Das klingt für den Kauf eines Kleidungsstücks vielleicht absurd, ist aber in der Finanzbranche seit Kurzem Realität: Am 2. August 2022 trat in Deutschland eine EU-Richtlinie in Kraft, die Bankberaterinnen, Vermögensverwalter und Versicherungsmaklerinnen (und bald auch freie Finanzberater) verpflichtet,ihre Kund:innen nach deren Nachhaltigkeitspräferenzen zu fragen und dies bei den Produktempfehlungen zu berücksichtigen.

Wie grün ist unsere Geldanlage überhaupt?

Mit nachhaltigen Investments sollen Unternehmen und Projekte unterstützt werden, die einen positiven Beitrag zu ökologischen oder sozialen Entwicklungen leisten. Ende 2021 steckten hierzulande bereits rund 500 Milliarden Euro in entsprechenden Anlageprodukten, fast 50 Prozent mehr als im Jahr davor. Und der Trend geht weiter aufwärts: Der Wirtschaftsnachrichtendienst Bloomberg schätzt, dass im Jahr 2025 weltweit umgerechnet rund 50 Billionen Euro nachhaltig investiert sein werden, das wären ein Drittel aller Geldanlagen.

Und wie wird das definiert?

Das ist das Problem: Es gibt für nachhaltige Geldanlagen noch keine verbindlichen Standards. Neben ökologischen Aspekten spielen soziale Kriterien (etwa: keine Kinderarbeit) und verantwortungsvolle Unternehmensführung (etwa: keine Korruption) eine Rolle. Diese drei Punkte werden unter dem Kürzel ESG (Environment, Social, Governance) zusammengefasst, das sich in der Finanzbranche mittlerweile etabliert hat. Allerdings gibt es einen großen Interpretationsspielraum und damit einen Flickenteppich aus unterschiedlichen Auslegungen: "Die Palette von Nachhaltigkeitsansätzen reicht vom Ausschluss bestimmter Branchen, Unternehmen oder Länder bis zur Philanthropie und Impact Investing, also dem Ziel, konkret etwas Positives zu bewirken", sagt Friederike Fuchs, Finanzberaterin aus Göttingen, die seit über 20 Jahren auf nachhaltige Geldanlagen spezialisiert ist. Seit Januar 2023 gelten sogar Erdgas und Atomkraft unter Umständen als klimafreundlich, nachdem die EU-Kommission diese in ihrer sogenannten Taxonomie als akzeptable Übergangsenergien eingestuft hat.

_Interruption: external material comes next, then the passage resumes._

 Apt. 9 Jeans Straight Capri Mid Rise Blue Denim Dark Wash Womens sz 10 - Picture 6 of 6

Was soll die neue Richtlinie bringen?

Die Präferenzabfrage in der Finanzberatung ist Teil eines Aktionsplans der EU, um Investitionsgelder verstärkt in nachhaltige Anlagen umzuleiten und den Kampf gegen den Klimawandel zu unterstützen. Zu diesem Aktionsplan gehört auch die Taxonomie, ein Klassifizierungssystem, das Kriterien für nachhaltiges Wirtschaften definiert und als Informationsgrundlage für Investoren dient. Nachhaltig ist ein Unternehmen demnach, wenn es einen wesentlichen Beitrag zur Verwirklichung eines der sechs Umweltziele leistet: Klimaschutz, Anpassung an den Klimawandel, nachhaltige Nutzung von Wasserressourcen, Wandel zu einer Kreislaufwirtschaft, Vermeidung von Umweltverschmutzung und den Schutz gesunder Ökosysteme.

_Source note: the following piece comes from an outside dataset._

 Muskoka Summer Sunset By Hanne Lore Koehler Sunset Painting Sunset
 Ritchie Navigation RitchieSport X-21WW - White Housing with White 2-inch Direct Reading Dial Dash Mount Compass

Seit März 2021 gilt außerdem die sogenannte Offenlegungsverordnung: Anbieter von Finanzprodukten, zum Beispiel Fondsgesellschaften, müssen transparent machen, wie nachhaltig ihre Angebote sind. Artikel 6 steht für ein konventionelles Investment, bei dem kein explizites Nachhaltigkeitsziel verfolgt wird. Artikel- 8-Produkte, sogenannte "hellgrüne", berücksichtigen Umwelt- oder soziale Kriterien, und "dunkelgrüne" Artikel-9-Produkte müssen eine positive Auswirkung auf ein Nachhaltigkeitsziel nachweisen.

Und funktioniert das?

Da die ESG-Kriterien lax ausgelegt werden können, gibt es Kritik an ihrer Aussagekraft: Da sei viel Greenwashing dabei, heißt es oft, Fonds würden also als nachhaltiger und grüner dargestellt, als sie tatsächlich sind. Die Krux ist: Die Anbieter selbst nehmen die Einstufungen vor, es ist kein unabhängiges Siegel. Viele haben in den letzten Wochen die Nachhaltigkeitsversprechen ihrer Fonds nach unten revidiert. Statt sie weiter als Artikel-9-Produkte zu klassifizieren, ordnen Gesellschaften wie Blackrock, DWS, BNP, Amundi oder Pimco sie jetzt lieber als hellgrünere Artikel-8-Variante ein. Fachleute vermuten, dass dies damit zusammenhängt, dass Fonds ihre Nachhaltigkeitsmerkmale 2023 erstmals schriftlich offenlegen müssen und keine Greenwashing-Vorwürfe oder Schaden für ihren guten Ruf riskieren wollen. Immerhin hat unter anderem das internationale Medienprojekt "Great Green Investigation" gerade recherchiert, dass fast jeder zweite der über 800 untersuchten und als dunkelgrün etikettierten Fonds auch in Öl, Kohle und Luftfahrt investiert war. Zudem plant die europäische Wertpapieraufsicht ESMA strengere Auflagen, um den inflationären Gebrauch von Etiketten wie "nachhaltig" und "ESG" auszubremsen.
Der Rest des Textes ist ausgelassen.